In this regard Traveller, or at least MgT and the Third Imperium are well and thoroughly broken. Character creation alone means that there are not enough able bodied sapients that survive long enough (and avoid prison long enough) to become experienced professionals for the economy to function. Spending 20 years in a career without being able to advance any skill beyond level 4, but being able to go from four to five in less than a year (assuming you make the EDU roll) post-career makes as much sense as having to completely restart training a skill if an EDU roll is missed.

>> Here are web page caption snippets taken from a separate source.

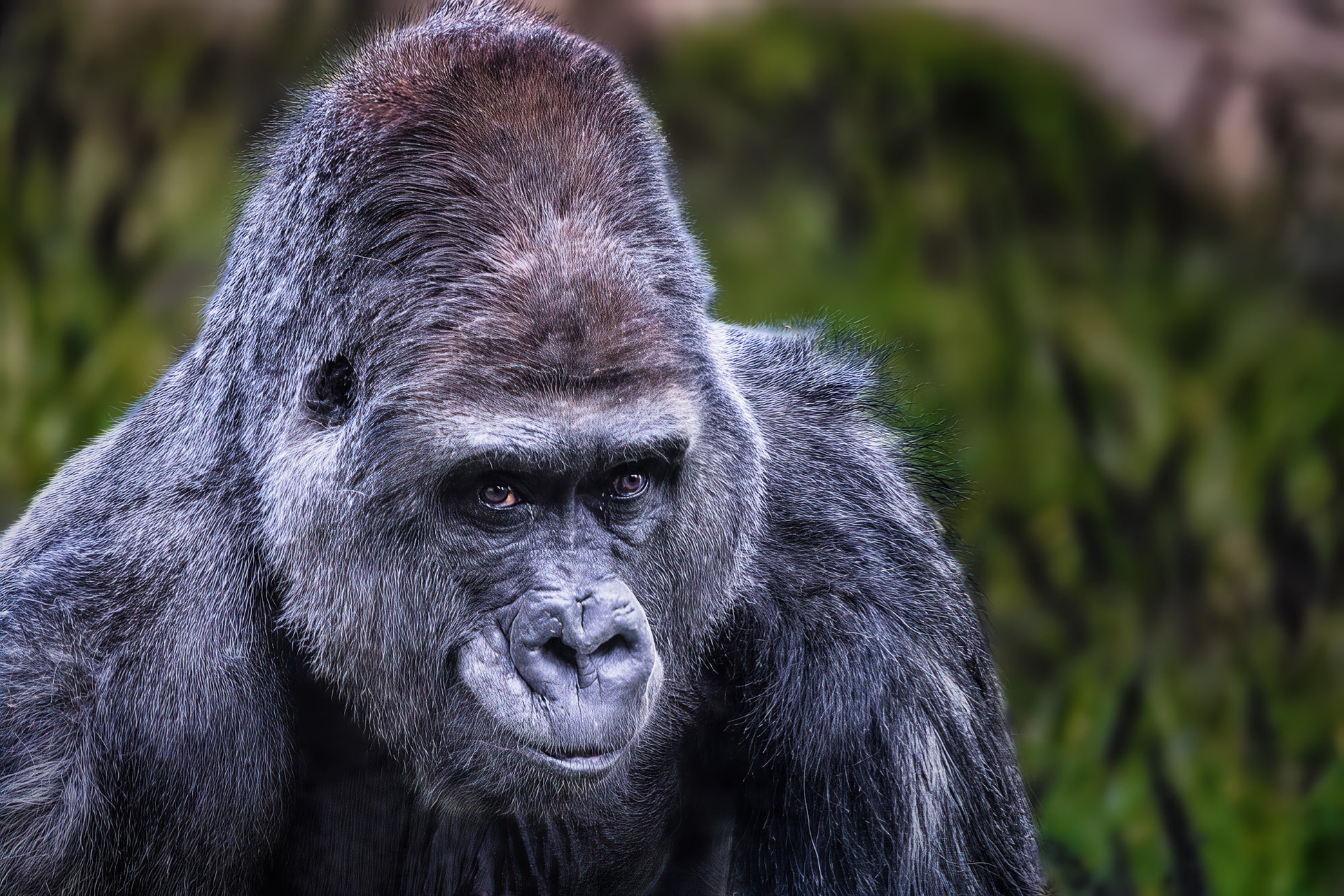 The Watchful Silverback image 0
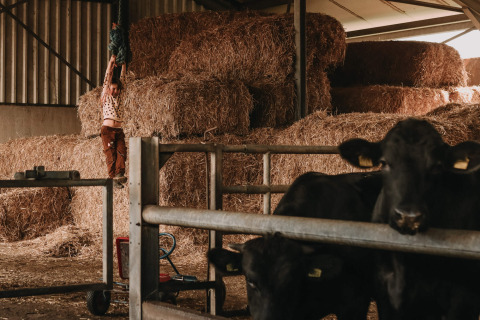 Niño balanceándose en una cuerda en un granero con pacas de heno y vacas tras una cerca en una granja holandesa.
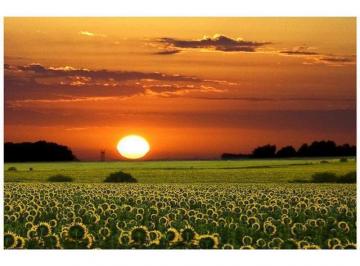 Campo · 247m² · Propiedades Rurales - Industrializacion - Moreno, Gran Bs. As. Oeste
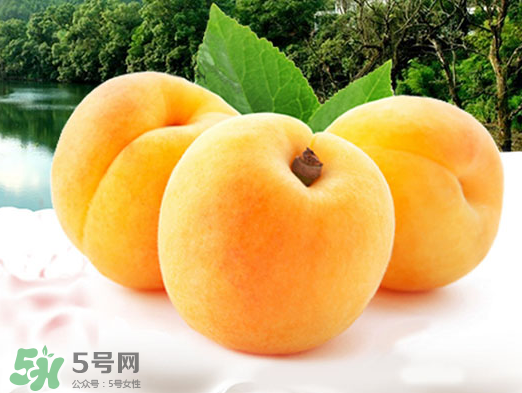 黃桃是酸性還是堿性？黃桃罐頭是酸性還是堿性？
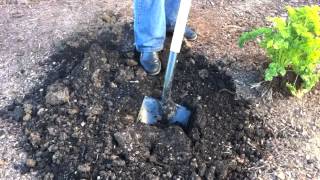 What's The Difference Between Top Soil and Garden Soil?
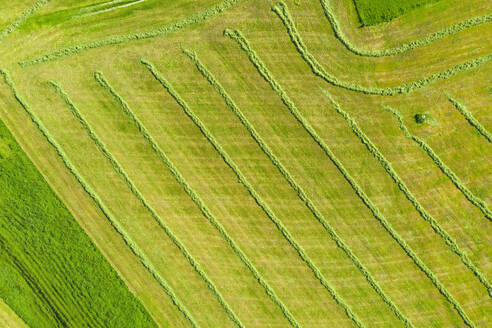 Drone view of green mowed field in spring - SIEF09929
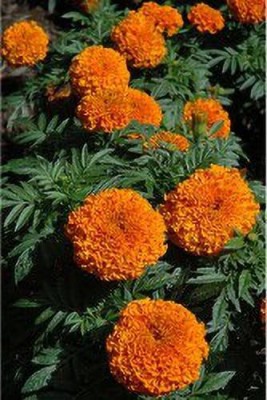 sporos Orange Marigold Flower Seed(35 per packet)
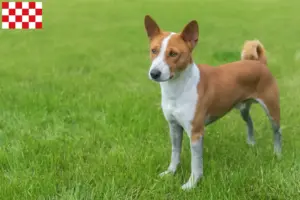 Read more about the article Basenji breeders and puppies in North Brabant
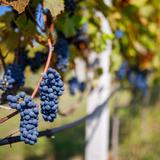 Na fotografii widoczne są kiście dojrzewających czerwonych winogron, które rosną na krzewie winorośli.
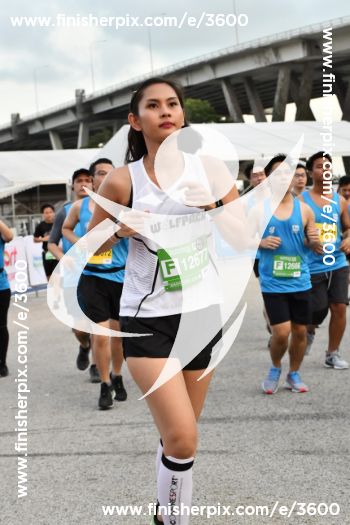 3600_363648 | Run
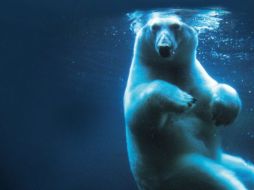 Detalle de la portada. ESPECIAL  /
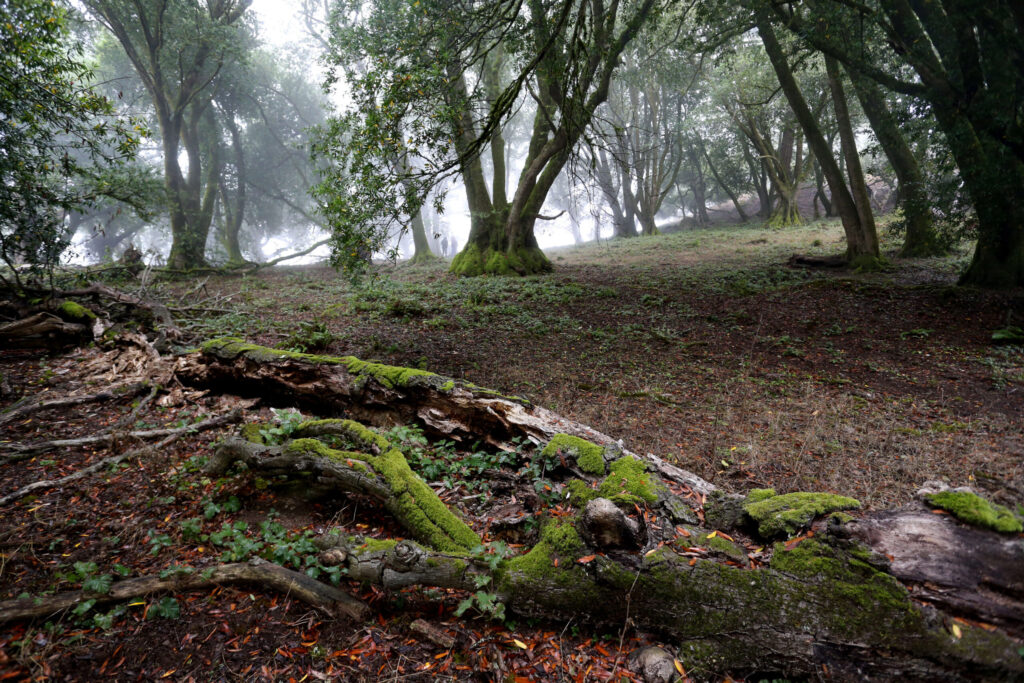 A bay and oak woodland at Wright Hill Ranch, soon to become the Wright Hill Regional Park and Open Space Preserve, located off Highway 1 a few miles south of Jenner, on Monday, Aug. 23, 2021. (Beth Schlanker / The Press Democrat)
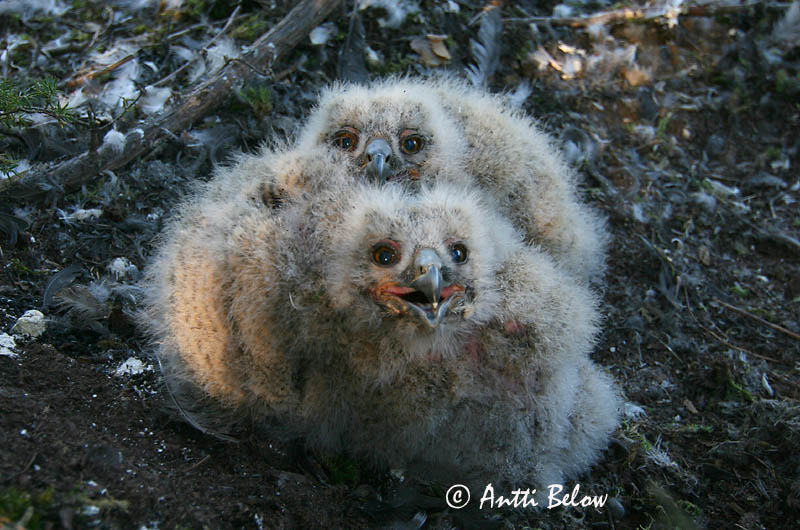 Avainsanat: Duc Stor hornugle Oehoe Eurasian Eagle Owl Kassikakk Huuhkaja Grand-duc d'Europe Uhu Uhu Úfur Gufo reale Hubro Bufo-real Bubo bubo Búho Real Berguv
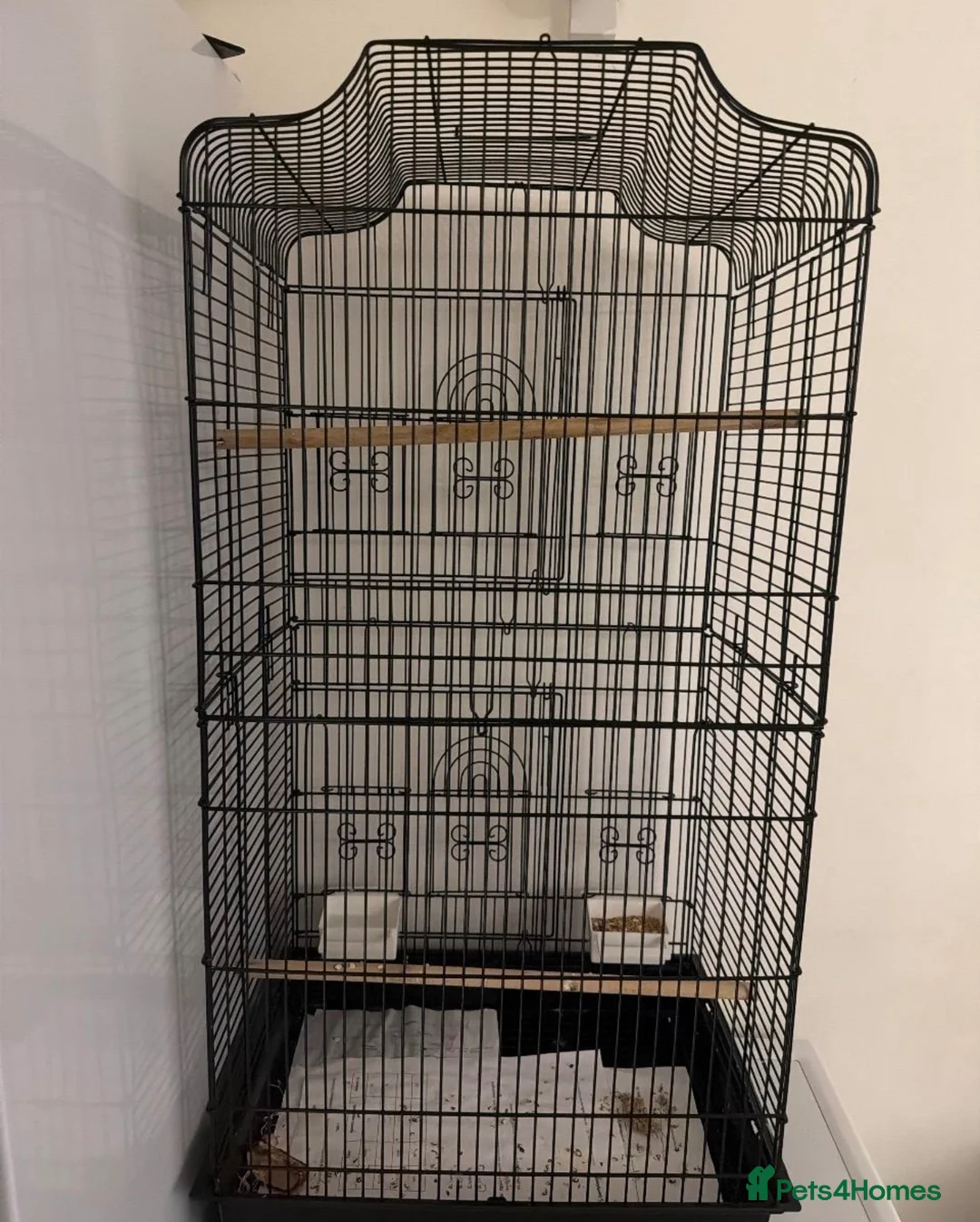 Lovebirds birds for sale: Love bird with XL cage and Large cage  in London - Advert 4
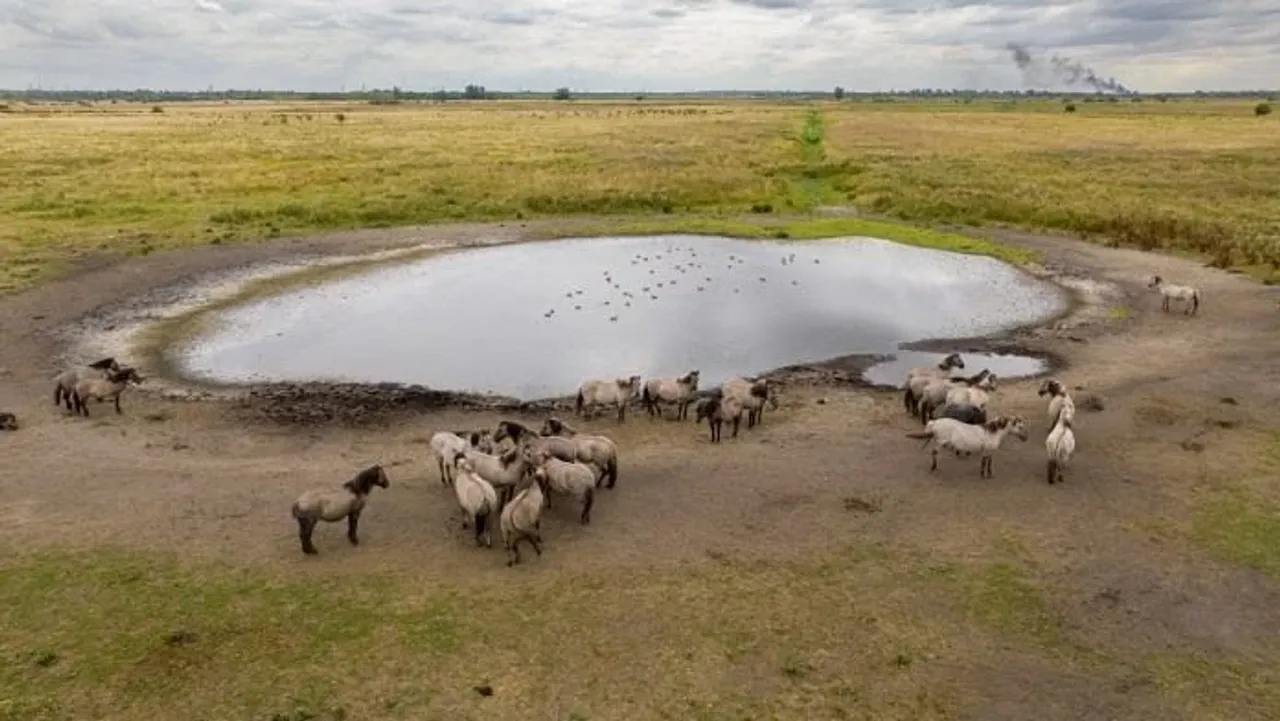 England drought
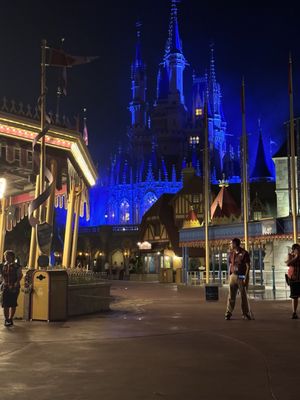 Cinderella Castle by null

My opinion on missiles in a setting with high-powered lasers is discussed at length in another thread, the use of cargo cranes in ships that can control gravity is amusing, literally everything to do with computers makes no sense after about TL 6, economies of scale are practically non-existent, the progression of arms and armor is completely unrealistic, damage scaling in general is so broken I can't even, and what happens to the hydrogen during jump may well be one of the greatest mysteries of the Traveller universe.

I could go on about the inconsistencies of the setting with the available technologies for days. MgT, more than any other system or setting I have ever enountered, relies on the liberal application of handwavium. The group I play with and I still enjoy it though (granted, with lots of house rules). Maybe that's because for me, "canon" in the context of an RPG is a very loose notion. I view any RPG system / setting as a starting point for a system and setting that works for the group using it and the story they are telling.
 
Research ships would love collector tech, batteries, solar panels. Same goes for picket ships.
There's more kinds of ships than military / police / criminal ships, you know.
 
I was imagining large ships coming into a system, finding a nice empty spot in the habitable zone a million kilometres from any world, staying there for a week, two weeks, charging up as the ship's fleet of auxiliary ships shuttle back and forth with the homeworld, trading, setting up a circus, whatever, then Jumping out as soon as business is concluded and the last sublight craft are back tucked into their hangars.
 
In this regard Traveller, or at least MgT and the Third Imperium are well and thoroughly broken. Character creation alone means that there are not enough able bodied sapients that survive long enough (and avoid prison long enough) to become experienced professionals for the economy to function. Spending 20 years in a career without being able to advance any skill beyond level 4, but being able to go from four to five in less than a year (assuming you make the EDU roll) post-career makes as much sense as having to completely restart training a skill if an EDU roll is missed.
Character creation for player characters is designed to create characters suitable for adventuring. It is not at all intended to be an accurate reflection of how a normal career would go. Games do this all the time. Making every village priest into a cleric in D&D is the same thing. Similarly, all xp systems are massively accelerated in pretty much every game in existence. As well as completely divorced from any actual learning method humans use.

Missiles and lasers together are a pretty standard sci fi trope. No more or less stupid than the whole WW2 in space design that is so widespread across all sci fi media. People like space fighters even if they are ridiculously unlikely to be a thing.

There's certainly a lot of stuff that, in the absence of any actual information on how it works, leaves a lot of questions. Worse than any other system? I doubt it, save maybe that it is more detailed than most. If you just do space fantasy and don't even try to explain what's going on, its certainly less likely to cause questions to arise.